» Problem requirements: Word for word, repeat the lines of the records from the first line up to and including the line that contains "中国医科大学附属第一医院割双", passing over any pictures.

» Records to process:
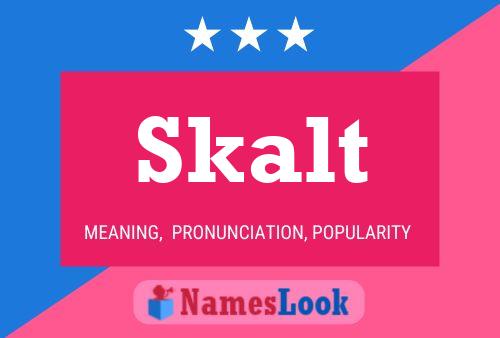 Skalt Name Poster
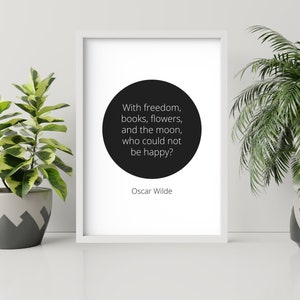 Oscar Wilde Quote Download • &quot;With freedom, books, flowers, and the moon...&quot;, Wall Print, Digital Download, Quote Print, Bookish Quote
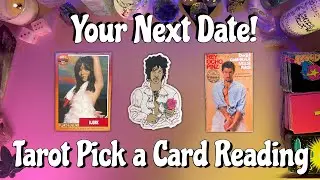 ✨Your Next Date!✨ Tarot Pick a Card Love Reading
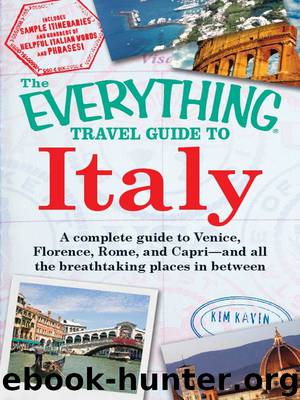 The Everything Travel Guide to Italy by Kim Kavin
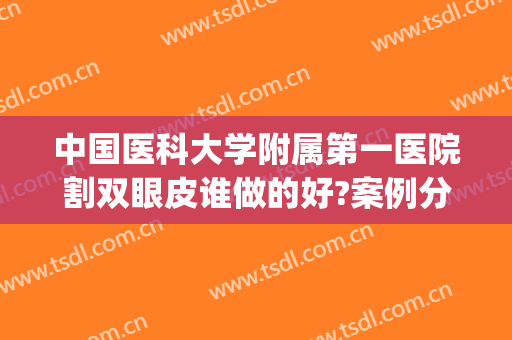 中国医科大学附属第一医院割双眼皮谁做的好?案例分享(北京大学第一医院双眼皮谁割的好)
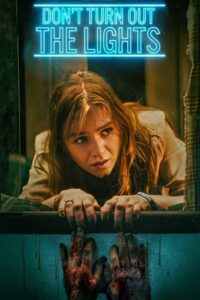 Dont Turn Out The Lights (2023) {English with Subtitles} Full Movie WEB-DL 480p - 720p - 1080p poster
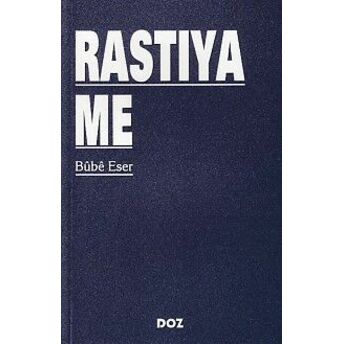 Rastiya Me Bube Eser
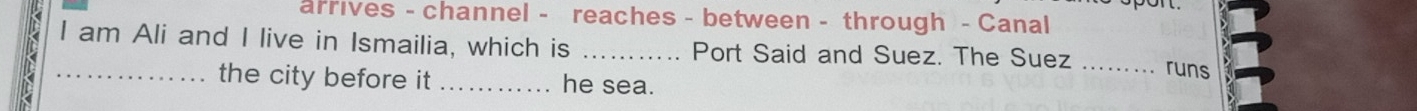 arrives - channel - reaches - between - through - Canal 
I am Ali and I live in Ismailia, which is _Port Said and Suez. The Suez_ 
runs 
_the city before it _he sea.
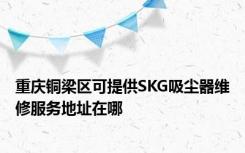 重庆铜梁区可提供SKG吸尘器维修服务地址在哪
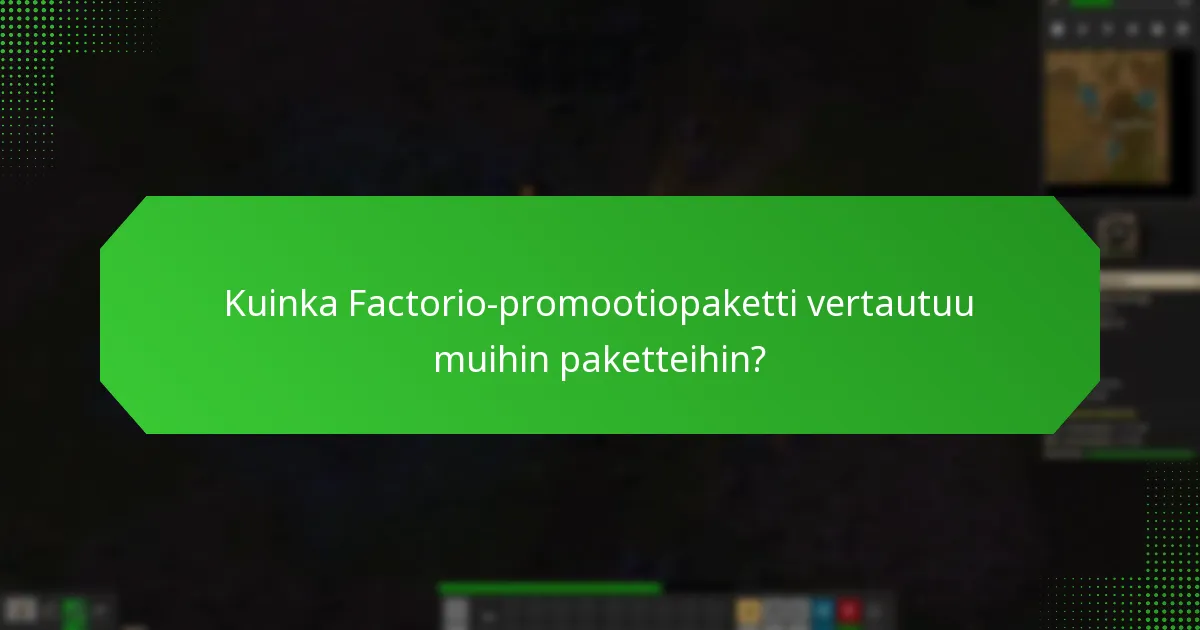 Mitkä lisäsisällöt sisältyvät Factorio-promootiopakettiin?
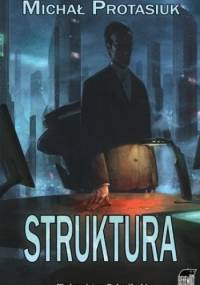 Struktura - Michał Protasiuk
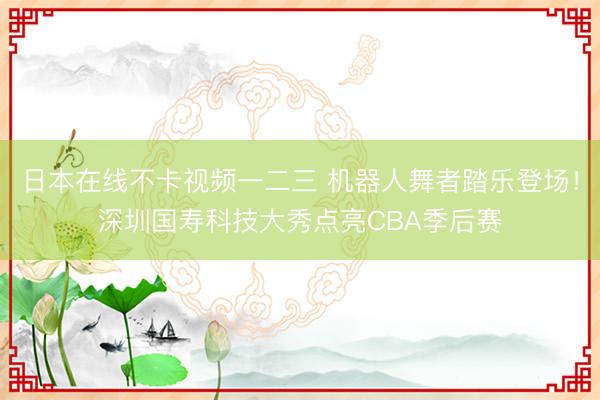 日本在线不卡视频一二三 机器人舞者踏乐登场！深圳国寿科技大秀点亮CBA季后赛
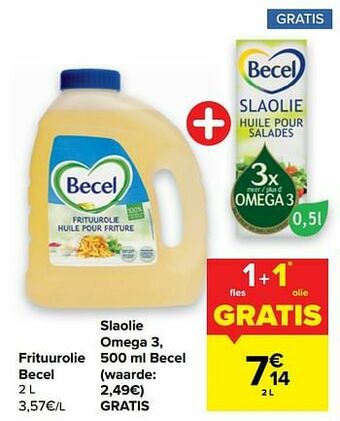 Carrefour Frituurolie becel + slaolie omega 3, becel aanbieding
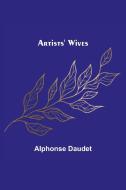 Artists' Wives di Alphonse Daudet edito da Alpha Editions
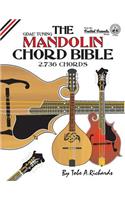 The Mandolin Chord Bible: GDAE Standard Tuning 2,736 Chords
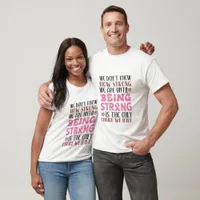 Being Strong - Breast Cancer Awareness T-Shirt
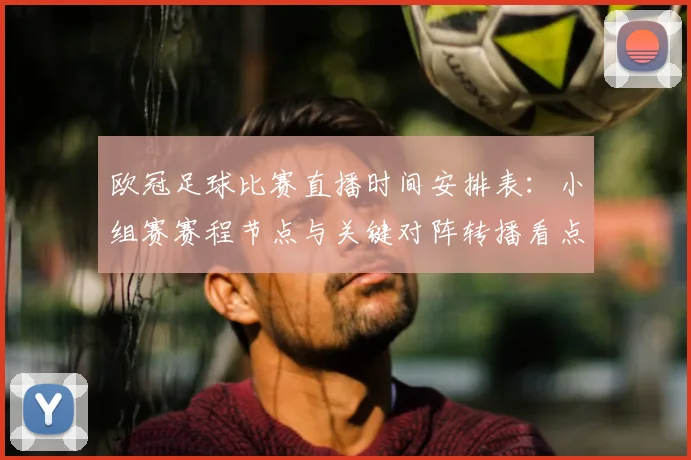 欧冠足球比赛直播时间安排表：小组赛赛程节点与关键对阵转播看点
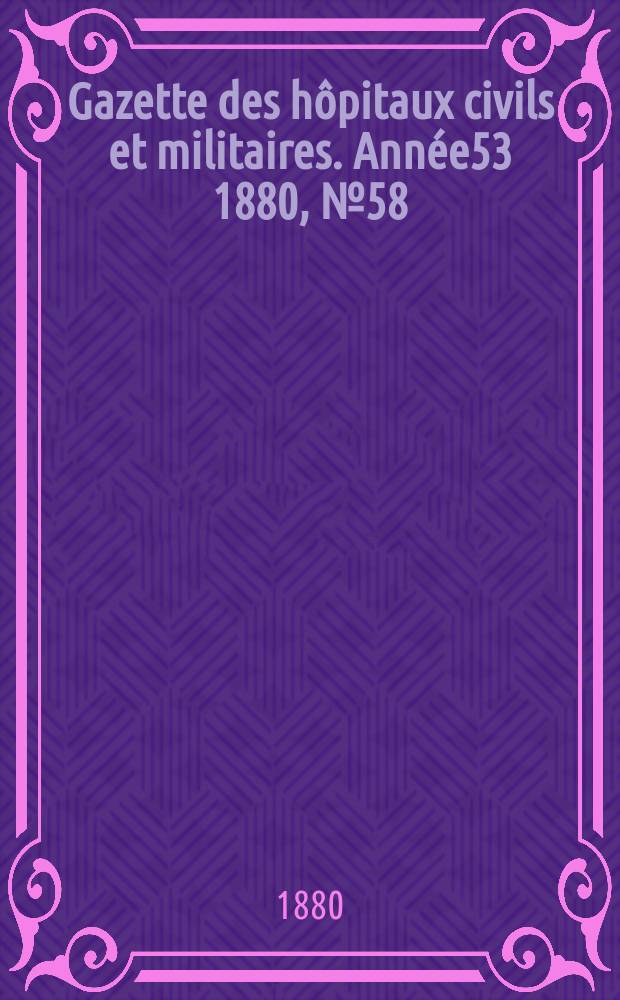 Gazette des hôpitaux civils et militaires. Année53 1880, №58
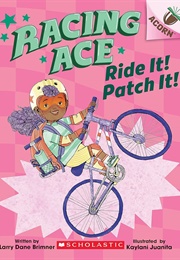 Racing Ace: Ride It! Patch It! (Larry Dane Brimner)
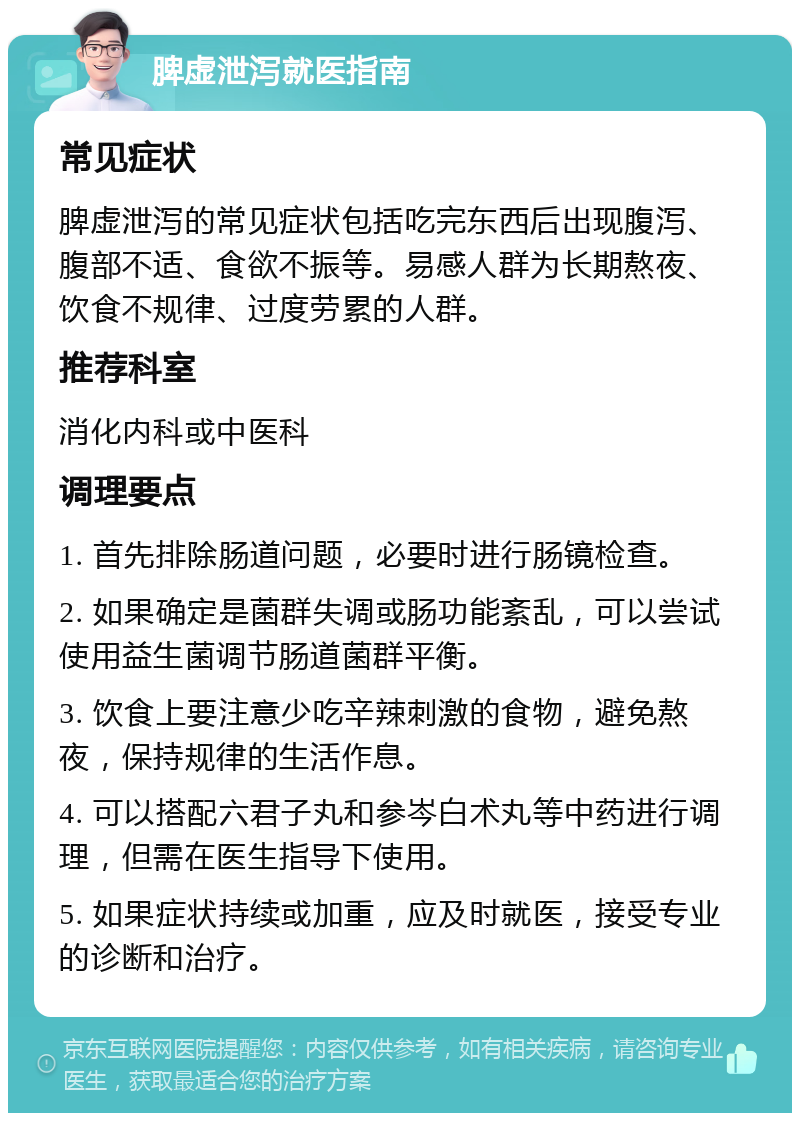 脾虚泄泻就医指南 常见症状 脾虚泄泻的常见症状包括吃完东西后出现腹泻、腹部不适、食欲不振等。易感人群为长期熬夜、饮食不规律、过度劳累的人群。 推荐科室 消化内科或中医科 调理要点 1. 首先排除肠道问题，必要时进行肠镜检查。 2. 如果确定是菌群失调或肠功能紊乱，可以尝试使用益生菌调节肠道菌群平衡。 3. 饮食上要注意少吃辛辣刺激的食物，避免熬夜，保持规律的生活作息。 4. 可以搭配六君子丸和参岑白术丸等中药进行调理，但需在医生指导下使用。 5. 如果症状持续或加重，应及时就医，接受专业的诊断和治疗。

» Response area:
 Skalt Name Poster
 Oscar Wilde Quote Download • &quot;With freedom, books, flowers, and the moon...&quot;, Wall Print, Digital Download, Quote Print, Bookish Quote
 ✨Your Next Date!✨ Tarot Pick a Card Love Reading
 The Everything Travel Guide to Italy by Kim Kavin
 中国医科大学附属第一医院割双眼皮谁做的好?案例分享(北京大学第一医院双眼皮谁割的好)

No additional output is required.